Roslyn Taber (Monroe) has just gotten a divorce in Reno from her husband, who we can infer was at least mentally abusive to her. To start the film, Roslyn has been in a car accident and the mechanic Guido (Eli Wallach, THE GOOD, THE BAD AND THE UGLY) offers Rosyln and her new friend Isabelle Steers (Thelma Ritter, REAR WINDOW), who owns the boarding house where Roslyn is staying, a ride to the courthouse. Afterward, Guido asks them out for drinks, where they meet suave, aging cowboy Gay Langland (Gable).

Rosyln warms up to the cowboy quickly, much to the chagrin of Guido. Roslyn is the kind of woman who men instantly want to get to know, but never get around to getting to know them — if you know what I mean. She is so bewitching that Gay says she’s the one that would make him give up his old ways or at least the kind of beauty who’d make a man say we would.

Guido invites everyone up to his cabin in the desert, where Gay and Roslyn decide to stay for awhile. Gay and Guido plan to roundup some wild stallions for cash, but need an extra hand. On their way to the rodeo, they run into Perce Howland (Montgomery Clift, FROM HERE TO ETERNITY), a handsome younger man, who’s just about too old to be a regular on the bull riding circuit.

All four main characters are misfits to some degree. Roslyn is gorgeous to a fault. She attracts wolves, who are unable or uninterested in giving her what she needs. She is also tired of the constant attraction men have with violence. Gay is desperately holding onto a lifestyle that has long gone by the wayside. He’s getting too old to be so desperately clinging to his life of “freedom,” which has alienated himself from society. Perce is more of the typical 1960s misfit in that he’s lost in life and doesn’t know what his place in the world is, especially having been let down by his parents. Guido has been lost since the death of his wife, who he must have married young. He’s looking for a replacement woman, but doesn’t really have the looks or the proper tools to find one.

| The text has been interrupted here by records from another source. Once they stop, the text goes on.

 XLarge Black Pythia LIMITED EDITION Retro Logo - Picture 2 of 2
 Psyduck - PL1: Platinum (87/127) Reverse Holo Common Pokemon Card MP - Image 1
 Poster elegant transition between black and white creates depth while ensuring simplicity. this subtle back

He reeks of desperateness.

All three of the men want Roslyn, but for the first time in her life she’s going to put what she wants first. The final horse roundup serves as a wonderful metaphor for the way Roslyn feels she’s been treated by men all her life and how Gay has been treating women all of his life.

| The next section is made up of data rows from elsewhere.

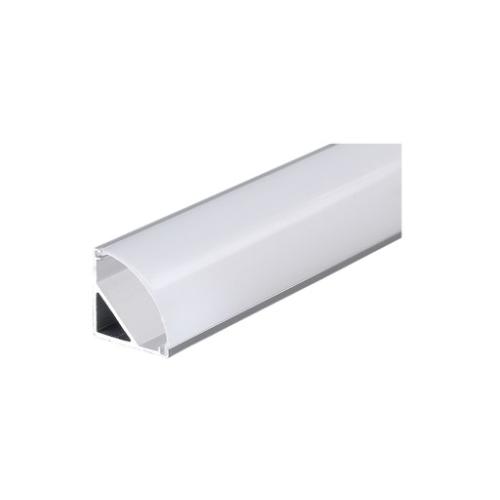 Imagem Produto PERFIL PARA FITA  LED SOBREPOR BRANCO 18,5X15,8MM (2MT) - CRISTALLUX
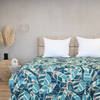 HappyBed Gouden Oase 200x220 - Wasbaar dekbed zonder overtrek - Bedrukt dekbed zonder hoes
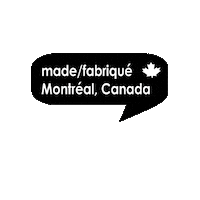 sofsofs canada montreal sofsdesigns made in montreal Sticker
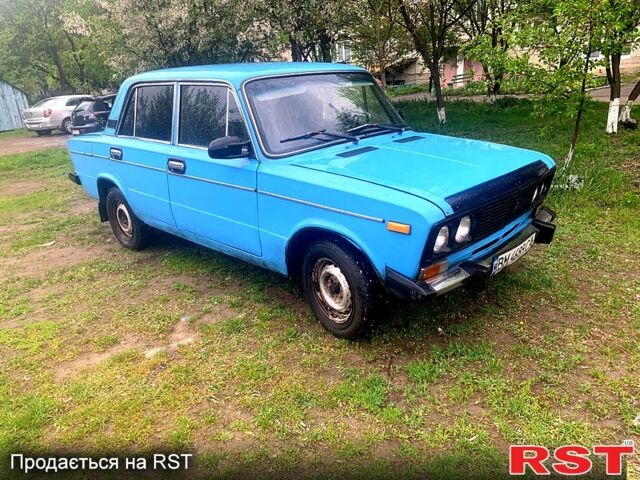 Синий ВАЗ 2106, объемом двигателя 1.5 л и пробегом 75 тыс. км за 750 $, фото 1 на Automoto.ua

Huston has the skill and patience to allow time to build his characters and their relation to each other. Gable has been quoted as saying he felt this was his best performance and it’s hard to argue with the screen icon’s opinion. It is certainly the most complex and most fulfilled performance of Monroe’s career. She is electrifying. Miller wrote the role specifically for her and she throws every ounce of herself into the performance. Clift is Clift — one of the greatest actors to ever grace the screen. Wallach also needs to be commended for painting Guido in a believable and understandable light when it’s a role that so easily could have become a caricature with a typical character actor hamming it up as an oily, conniving sleaze.

Russell Metty’s black & white cinematography is the perfect match for this sad tale. One can almost feel the heat in shots of the white sands of the desert at the end. The more one knows about the players involved; the more one can read into a grander meaning, but even a novice can come to this film and see the power of its wonderfully crafted story and intricately developed characters, who are all lonely souls looking for their place on this planet.